TASK TO COMPLETE: Return the listing below unchanged, except that the pictures are dropped.

GIVEN INFORMATION:

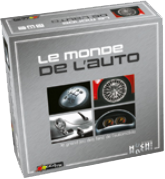 Le monde de l'auto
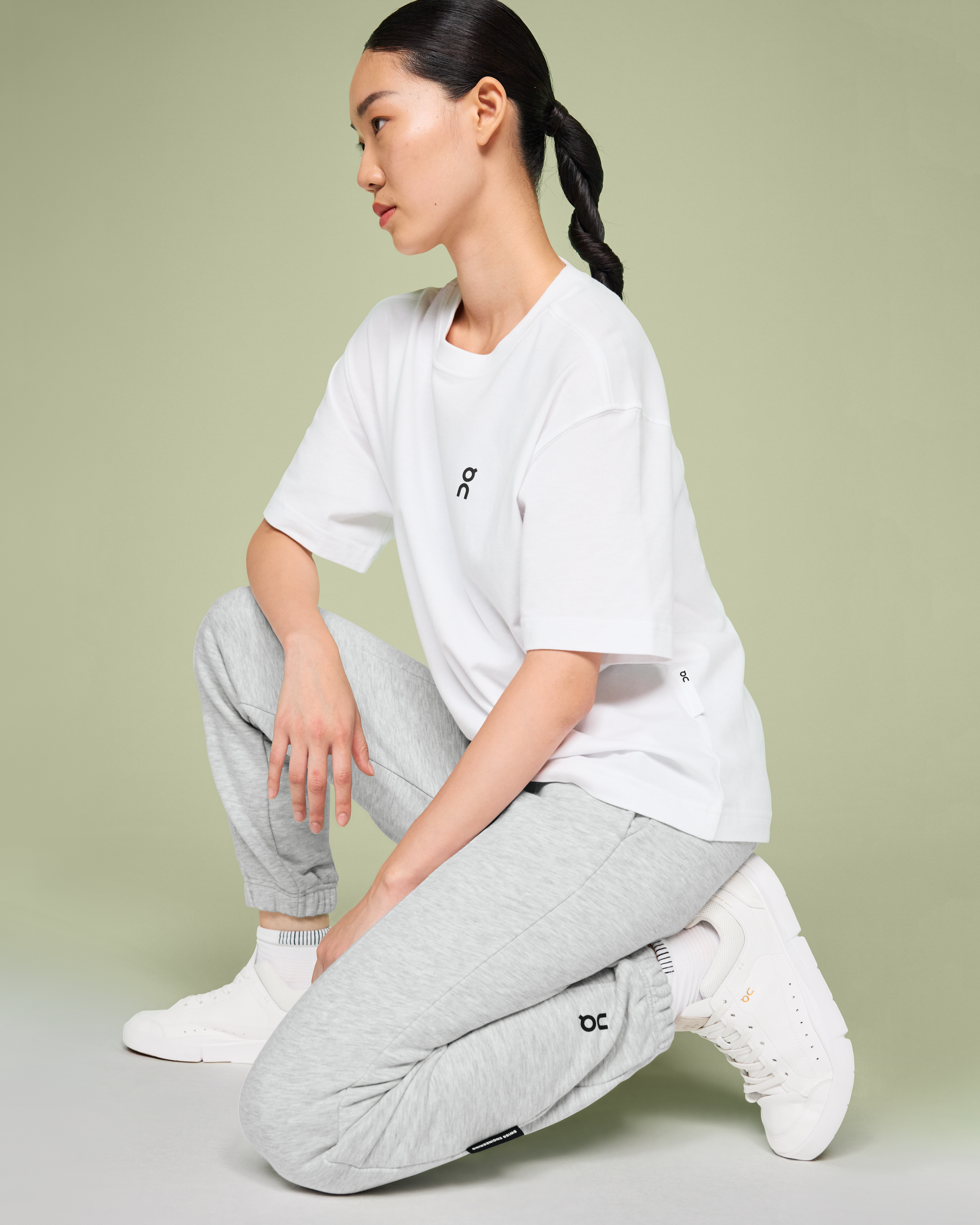 On Club Pants Crater (Women'S)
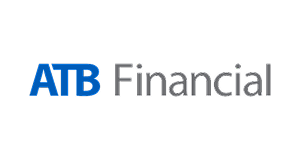 Logo: ATB Financial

RESPONSE TO THIS EXERCISE:
 Le monde de l'auto
 On Club Pants Crater (Women'S)
 Logo: ATB Financial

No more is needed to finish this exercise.